There is The Borders of Dominicanism, useful to me in that it invokes another borderland with the U.S.
There is At the edges of states: Dynamics of state formation in the Indonesian borderlands (Michael Eilenberg)
The book rests on the premise that remote border regions offer an exciting study arena that can tell us important things about how marginal citizens relate to their nation-state. The basic assumption is that central state authority in the Indonesian borderlands has never been absolute, but waxes and wanes, and state rules and laws are always up for local interpretation and negotiation. In its role as key symbol of state sovereignty, the borderland has become a place were central state authorities are often most eager to govern and exercise power.

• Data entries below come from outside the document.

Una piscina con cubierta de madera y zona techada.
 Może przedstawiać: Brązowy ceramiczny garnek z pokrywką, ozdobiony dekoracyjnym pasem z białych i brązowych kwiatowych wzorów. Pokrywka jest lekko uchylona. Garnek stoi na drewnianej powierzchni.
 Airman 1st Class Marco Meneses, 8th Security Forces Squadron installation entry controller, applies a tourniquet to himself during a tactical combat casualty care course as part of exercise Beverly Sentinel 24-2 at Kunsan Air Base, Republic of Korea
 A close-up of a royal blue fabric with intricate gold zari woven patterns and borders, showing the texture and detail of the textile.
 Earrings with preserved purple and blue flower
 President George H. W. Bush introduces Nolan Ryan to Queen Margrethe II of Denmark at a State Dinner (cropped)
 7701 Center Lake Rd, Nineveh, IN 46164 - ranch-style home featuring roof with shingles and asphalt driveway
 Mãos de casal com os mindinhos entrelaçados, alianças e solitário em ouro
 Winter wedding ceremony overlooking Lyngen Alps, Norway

But as illustrated, the borderland is also a place were state authority is most likely to be challenged, questioned and manipulated as border communities often have multiple loyalties that transcend state borders and contradict imaginations of the state as guardians of national sovereignty and citizenship.
There is National Identities and Sociopolitical Changes in Latin America, eds. Durán-Cogan and Gómez-Moriana, Routledge 2001, with a Wynter piece in it I am told to read.
In other news, there is also Maite Condé’s Foundational films: early cinema and modernity in Brazil and the film, A 12-year night. This and “La operación,” the documentary on sterilization of Puerto Ricans, would be good for our planned class on film and human rights.